Link to home
Start Free TrialLog in
Avatar of AnthonyWald
AnthonyWald

asked on

Microsft Windows Server 2003 R2 Server crash - Error code 00000020, parameter1 00000000, parameter2 0000ffff, parameter3 00000000, parameter4 00000001

I have a Win 2k3 R2 box that is creating a crash minidump and rebooting. The server is running Terminal Services with Citrix Presentation Server 4.0
Does anyone have a fix for this. We have already tested the RAM using Memtest86 which came back clean.
The minidump analaysis is below:

Microsoft (R) Windows Debugger Version 6.9.0003.113 X86
Copyright (c) Microsoft Corporation. All rights reserved.

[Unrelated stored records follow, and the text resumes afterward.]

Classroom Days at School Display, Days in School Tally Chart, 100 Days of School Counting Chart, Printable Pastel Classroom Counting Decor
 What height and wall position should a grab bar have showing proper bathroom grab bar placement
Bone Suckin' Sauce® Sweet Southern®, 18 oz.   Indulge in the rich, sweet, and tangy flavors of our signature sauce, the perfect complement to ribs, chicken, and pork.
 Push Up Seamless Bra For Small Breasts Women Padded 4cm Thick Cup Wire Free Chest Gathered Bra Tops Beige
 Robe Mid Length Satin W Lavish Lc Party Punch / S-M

Loading Dump File [\\citrix1\u$\WINDOWS\Minidump\Mini020609-02.dmp]
Mini Kernel Dump File: Only registers and stack trace are available

Symbol search path is: C:\Windows\Symbols
Executable search path is:
Unable to load image ntoskrnl.exe, Win32 error 0n2
*** WARNING: Unable to verify timestamp for ntoskrnl.exe
Windows Server 2003 Kernel Version 3790 (Service Pack 2) MP (8 procs) Free x86 compatible
Product: Server, suite: TerminalServer
Kernel base = 0x80800000 PsLoadedModuleList = 0x808af9c8
Debug session time: Fri Feb  6 14:37:51.138 2009 (GMT+9)
System Uptime: 0 days 0:52:53.671
Unable to load image ntoskrnl.exe, Win32 error 0n2
*** WARNING: Unable to verify timestamp for ntoskrnl.exe
Loading Kernel Symbols
..........................................................................................................................
Loading User Symbols
Loading unloaded module list
...
*******************************************************************************
*                                                                             *
*                        Bugcheck Analysis                                    *
*                                                                             *
*******************************************************************************

Use !analyze -v to get detailed debugging information.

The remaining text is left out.